[Start of Attachment]
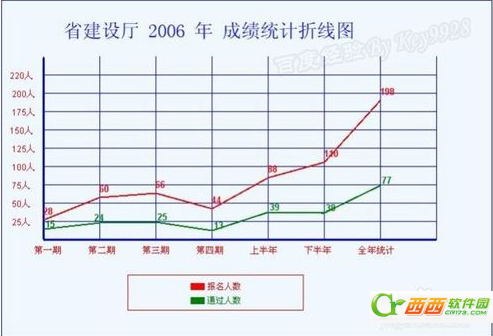 如何快速在Excel中找到相应的表格?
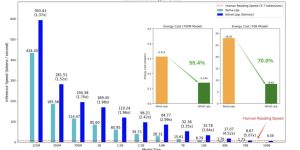 微软放大招：不用GPU也能跑千亿参数AI，能耗狂降82.2%！缩略图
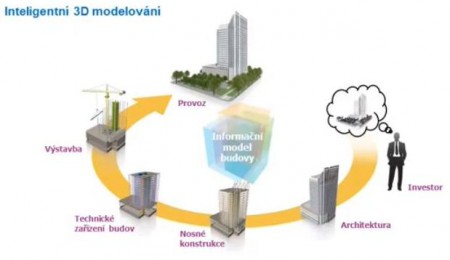 sadovnická projekce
[End of Attachment]
> **WHAT IS REQUIRED**: Print the material above exactly, skipping its images.

> **ANSWER TO THE EXERCISE**:
 如何快速在Excel中找到相应的表格?
 微软放大招：不用GPU也能跑千亿参数AI，能耗狂降82.2%！缩略图
 sadovnická projekce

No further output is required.